Monday, May 16, 2016

Crave Me (The Good Ol' Boys #4) ~ M. Robinson






They say in order to find yourself you have to go home. 
What if home was what you were running from? 

Where did that leave you? 

Always on the other side of the fence. 

Always looking in. 

Always wishing you were someone you couldn't be. 

Until one day you meet her. 

The one. 
She was my high, but she was also... 



My demise. 



STANDALONE within a series. This is a Full Length Novel.





I don’t even know where to begin. I mean, this book…..this book hit close to home. Not only did it make me think of a time where I dated an addict and how, in turn, became wrapped up in that world too, but Austin also said things that my husband actually says to me now. It’s just crazy how this story resonated with me.

“Anytime you want to talk about your parents, I’m here to listen.
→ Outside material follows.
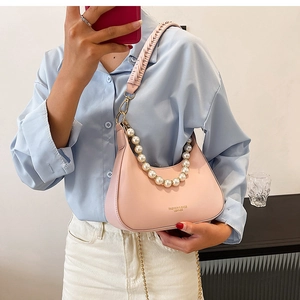 Détail du sac hobo rose clair avec anse en perles et bandoulière tissée sur le côté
I wish I could have met them, so I could tell them how amazing their daughter is and how much I’m in love with her.”
~Austin

I lost my dad when I was 19 and my mom when I was 21. I was searching for comfort and love since I had just lost my biggest supporters. Austin wasn’t much different. He also felt he didn’t belong and had to prove himself. He, like the other boys, was jealous of the bond Half Pint and Bo had, which just caused him to feel more lost. His using started as fun and partying, but then ran away from him so he could drown his sorrows. And it’s true, at some point you ask yourself, how did it get this bad…..yet, you have no answer. The hardest part is that Austin is a talented, loving, devoted and gorgeous man that had demons bigger than he could initially cope with.

"I need you, baby, I need you like I need fucking air to breath. I'm nothing without you! NOTHING! Please.....just fucking help me!"
~Austin"

I connected with Briggs in a sense that she always had to take care of herself. When she finally meets Austin and the alpha that he is, she relishes in the fact that he wants to take care of her. She can let go and feel safe and loved by someone, especially since she was lacking it from her uncle. She enabled Austin, but truly she didn’t know what was going on in Austin’s head to help him. While she blamed herself, she really couldn’t do anything until Austin was ready to. Briggs is beautiful, sweet, and smart, but often felt helpless and broken since she couldn’t help the one person she loved more than anything.


Austin and Brigg’s story tore my heart to shreds and had me reflecting on my own past. It churned my gut and made my heart ache. There was a lot of angst, but also a lot of love. Seeing certain times in the Good Ol’ Boys’ lives from Austin’s point of view was certainly eye opening and just made me want to hug him more. M’s writing was exceptional, as always, and she was able to tap in to the struggles that an addict has, as well as the struggle their loved ones go through. Absolutely brilliant!